C3 AI Documentation Home

Agent Evaluation - Getting Started

This tutorial walks you through an end to end agent evaluation: from setting up your data, to analyzing results and comparing runs in the UI. After completing this tutorial, you will know how to create datasets, run experiments against an agent, inspect per-test-case metric results, and use the Compare Runs view to identify regressions.

Prerequisites

Before you start:

  • Access to a C3 environment (SNE, MNE, or shared environment).
  • At least one GenaiCore.Agent exists in the tenant, or you have a valid agent ID. If you need to create an agent, see Creating an Agent from a Template or Creating an Agent from Scratch.
  • The py-deepeval runtime is available in your environment (required for dataset loading from content).
  • Access to C3 JupyterLab or a similar Python notebook environment connected to your C3 app.

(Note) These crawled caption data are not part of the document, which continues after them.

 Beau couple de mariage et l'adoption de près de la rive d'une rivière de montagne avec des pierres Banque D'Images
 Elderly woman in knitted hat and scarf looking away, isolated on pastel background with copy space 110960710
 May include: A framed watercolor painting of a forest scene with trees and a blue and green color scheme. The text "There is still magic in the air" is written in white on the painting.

1. Set up data using Python

Experiments, metrics, and runs are created using Python. Datasets can be created either from Python or directly in the UI (see Create Dataset from UI below). Before you open the UI, use a Python notebook or script to call the Agent Evaluation API and set up the data you want to evaluate. For a complete working reference, open the hydrate_agent_eval_test_data.py notebook in your C3 JupyterLab environment.

Your setup needs to:

  1. Create one or more datasets. A dataset is a versioned collection of test cases. Structured test cases require an input field (the question or prompt); all other fields such as expectedOutput are optional. Unstructured test cases are flexible JSON with no required fields. You upload these from a CSV or JSON file using GenaiCore.Eval.Dataset.load().

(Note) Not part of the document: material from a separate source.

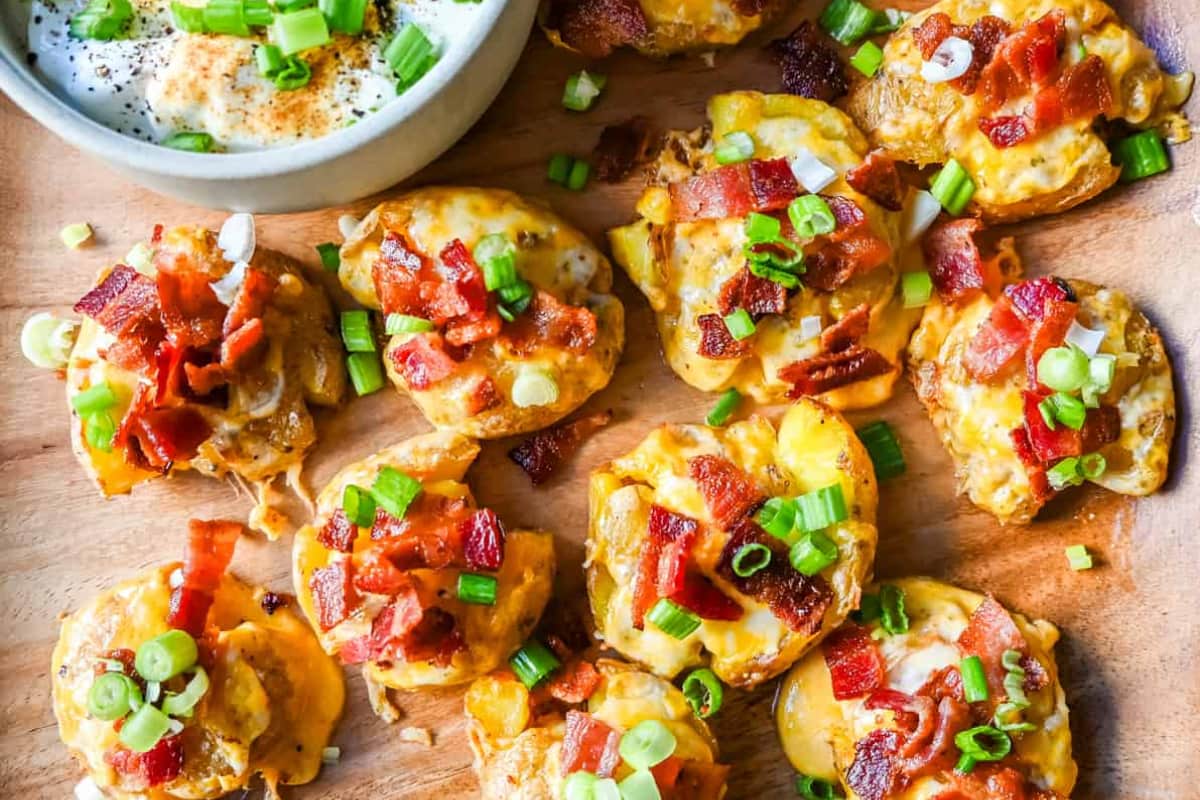 A plate of Loaded Bacon Cheddar Smashed Potatoes.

  2. Define metrics. A metric is a quantitative measure used to evaluate agent performance, outputting a score (and reasoning) to determine whether the output meets a specific quality threshold. You can use built-in DeepEval metrics (GenaiCore.Eval.Metric.DeepEval), built-in rubric metrics (GenaiCore.Eval.Metric.Rubric), or write a custom Python function using GenaiCore.Eval.Metric.NativePy.

  3. Create an experiment. An experiment is a high-level grouping for evaluating how well an agent performs for a use case. It is composed of datasets (made up of test cases for that use case) and metrics to evaluate the performance. Create one using GenaiCore.Eval.Experiment and run it multiple times to track changes over time.

  4. Run the experiment against your agent. Once the experiment is set up with its datasets and metrics, call experiment.run() to execute it, specifying the agent to evaluate. This sends each test-case input to your agent, captures the output, scores it with the experiment's metrics, and stores the results. One run is created per dataset, giving you a snapshot of agent quality at that point in time.

For a complete working reference, open the hydrate_agent_eval_test_data.py notebook in your C3 JupyterLab environment. It walks through all four steps using the GenaiCore.Eval API.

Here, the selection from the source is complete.